Cet article mériterait si le Cameroun souhaite se donner les moyens d’un nouveau départ, s’une véritable réconciliation nationale, tournant ainsi le dos à la grande corruption qui grippe tous les fondamentaux de son développement, d’être inséré dans le code électoral en vue des élections de 2018. Un peuple dynamique, c’est d’abord le fruit de sa confiance dans les hommes et les femmes qui le gouvernent pour ainsi dire dans les institutions. Il serait alors aisé en interrogeant les biens des différents candidats à la présidentielle de 2018 d’analyser leur propre moralité. On pourrait aisément juger de leur fortune à partir de leurs activités; à dessein ceci permettrait peut-être de commencer à faire un tri.
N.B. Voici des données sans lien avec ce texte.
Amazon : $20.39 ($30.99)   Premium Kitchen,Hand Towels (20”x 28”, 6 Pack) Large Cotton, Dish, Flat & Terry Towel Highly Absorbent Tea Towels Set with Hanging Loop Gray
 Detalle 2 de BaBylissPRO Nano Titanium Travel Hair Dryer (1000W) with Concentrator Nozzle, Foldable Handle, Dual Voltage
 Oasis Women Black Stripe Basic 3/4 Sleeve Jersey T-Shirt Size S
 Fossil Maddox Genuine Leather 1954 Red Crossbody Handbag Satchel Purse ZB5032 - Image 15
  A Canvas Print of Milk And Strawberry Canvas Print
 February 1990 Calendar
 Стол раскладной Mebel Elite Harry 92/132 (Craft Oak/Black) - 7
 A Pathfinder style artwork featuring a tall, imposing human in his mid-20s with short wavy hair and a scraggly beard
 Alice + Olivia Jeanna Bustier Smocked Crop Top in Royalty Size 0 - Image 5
L’autre avantage de l’introduction de cette loi dans le code électoral est que toutes les catégories de personnalité citées par cet article comme devant faire l’inventaire de leurs biens y seraient bien obligées, le président de la république ayant prêché par l’exemple avant même son élection. Cette mesure doit faire partie des réclamations de l’opposition camerounaise si tant est que ses leaders ne sont pas aussi des corrompus, que leurs avoirs proviennent d’activités saines et que leur fortune est quantifiable et objectivement approuvé.

Le Cameroun ne sera pas un chaos après des années d’amateurisme ou de légèreté qui ont conduit à la distraction massive des fonds devant servir à son développement. Il est évident qu’une certaine confiance dans les valeurs incarnées par ceux qui seront appelés à gouverner peut entraîner une très forte croissance du fait du dynamisme avéré du peuple camerounais et transformer ce pays en un vaste chantier au soir de l’élection présidentielle de 2018. Un pays pardonne toujours à ses enfants et il n’est pas exclu que si les gens qui ont spolié le pays venaient à faire leur mea culpa devant le peuple, s’ils venaient à s’engager à revoir leurs manières de faire et d’agir, les Camerounais le leur pardonneraient et ensemble ils trouveraient le chemin de l’épanouissement, un nouveau départ véritablement. En tout cas, ceci demeure un v u.